It is irrelevant how much information it passes. We could fail to connect it and it would pass no information at all, and its level of awareness would be unchanged.
That I agree with.
Irrelevant: We are not the rock. If we live inside a rock and perceive the environment there and process the information, then we are very much aware. If by "we" you mean some putative property of a certain rock, then that rock is different from the generic concept of a rock.
If it doesn't matter whether the thermostat is connected to us, then it doesn't matter whether there are people inside the rock. What matters is that information is being passed. And clearly, more information is making its way into the rock than is being passed by the thermocouple.
That would affect our awareness, not that of the thermostat.
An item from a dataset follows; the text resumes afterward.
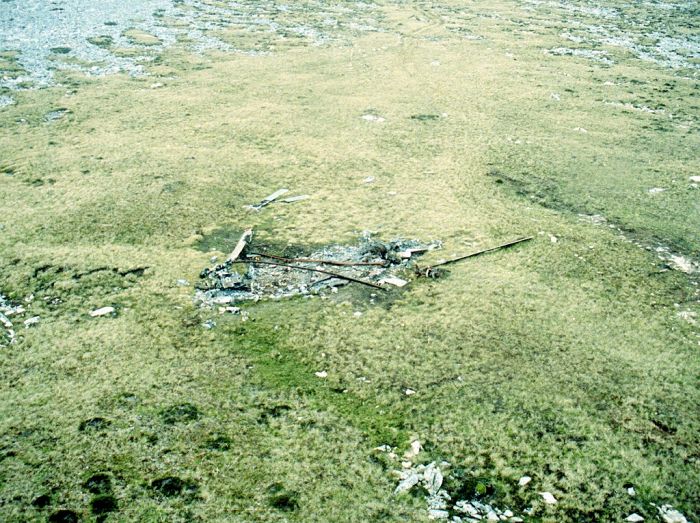 The final resting place of Argentina's CH-47C Chinook tail number AE-521.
No. It means to process information. And processing information ALWAYS implies filtering.
And how do we differentiate between the filtering done by the rock and that done by the thermostat? It was Pixy who introduced switching. All that means is that the thermostat filters more stringently - leaving almost no information. The rock lets quite a bit through.
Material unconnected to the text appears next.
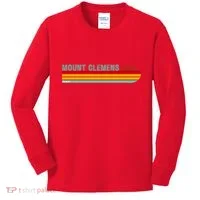 Mount Clemens Michigan Kids Long Sleeve Shirt thumb 0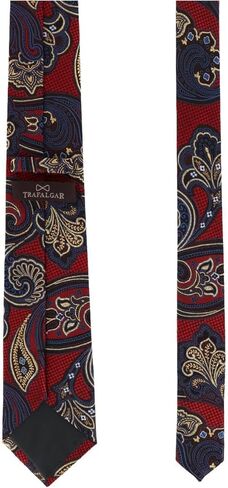 Trafalgar Men's Roman Exploded Paisley Stately Silk Necktie in Saudi Arabia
Digitizing? No, not to my knowledge. It is the models we use to make it easier to understand that involve digitizing. .... Unless you refer to quantum steps, of course.
I'm still unable to see a coherent model that denies the rock awareness and allows it to the thermostat. That's why I'm demanding the physical model. At present, there's nothing to grasp hold of. The thermostat has exactly two states, the rock uncountably many. How does that make the thermostat more aware?
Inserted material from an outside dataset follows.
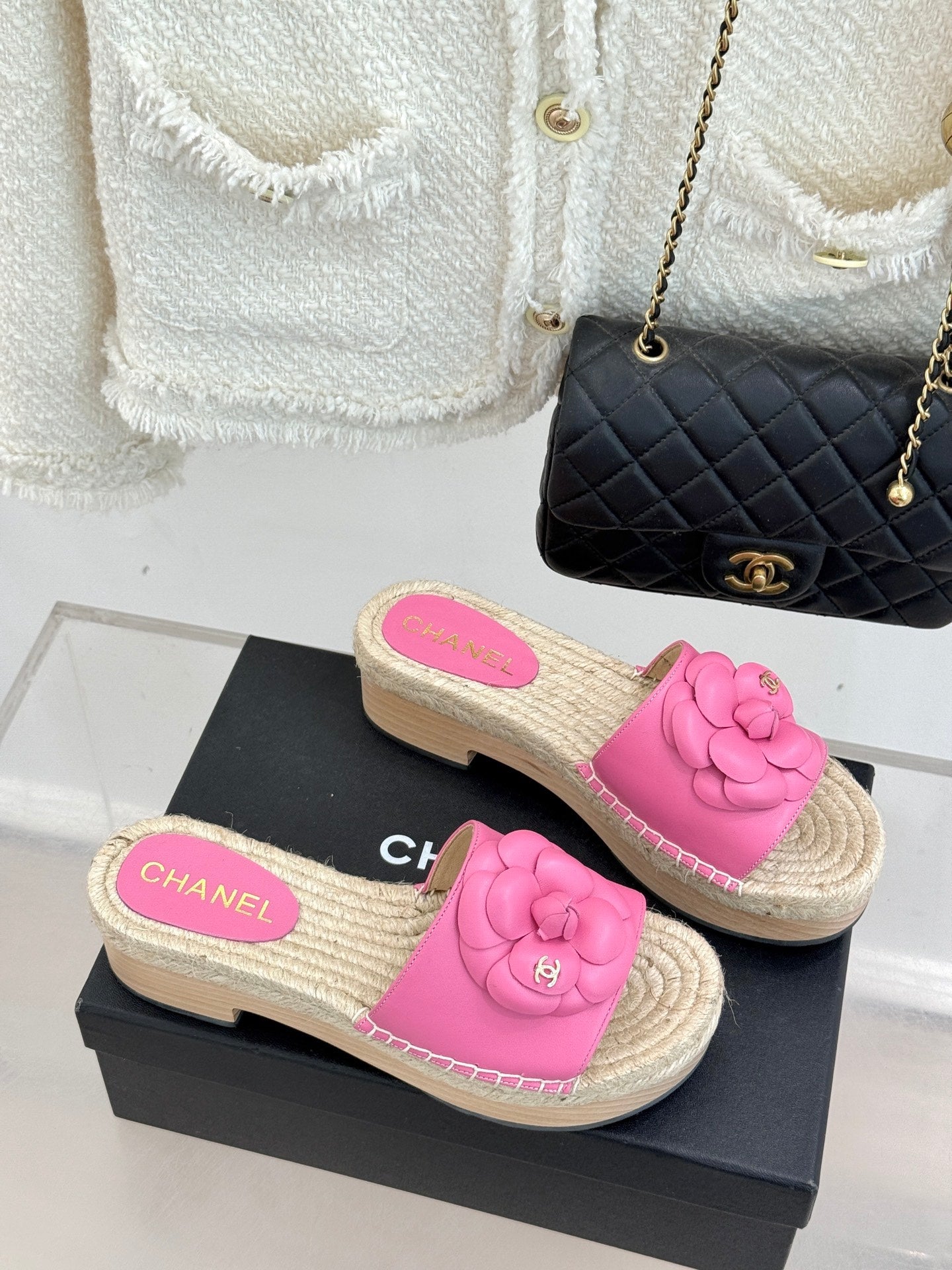 New Spring/Summer Hemp Rope Platform Slippers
In fact, the thermostat has many states independent of its function as a thermostat. It reacts to its environment just as the rock does. Pixy seems to regard this kind of information processing as invalid, in some way. The reason appears to involve switching. According to Darat, I'm the only person who doesn't know what he's getting at.
westprog
22nd July 2008, 06:56 AM
Sensation are correlates of objective reality. The phototrpoin response to the wavelengths labeled 'green' by common idiom is directly related to the photons that are not absorbed by chlorophyll.
So the sensation is not an internalized model of reality, it is a direct interaction with reality.
There's a strong correllation between the internal model and the external reality, but they aren't the same thing.
PixyMisa
22nd July 2008, 07:40 AM
Pixy, do you think a properly programmed $1.95 microcontroller chip could pass a Turing test?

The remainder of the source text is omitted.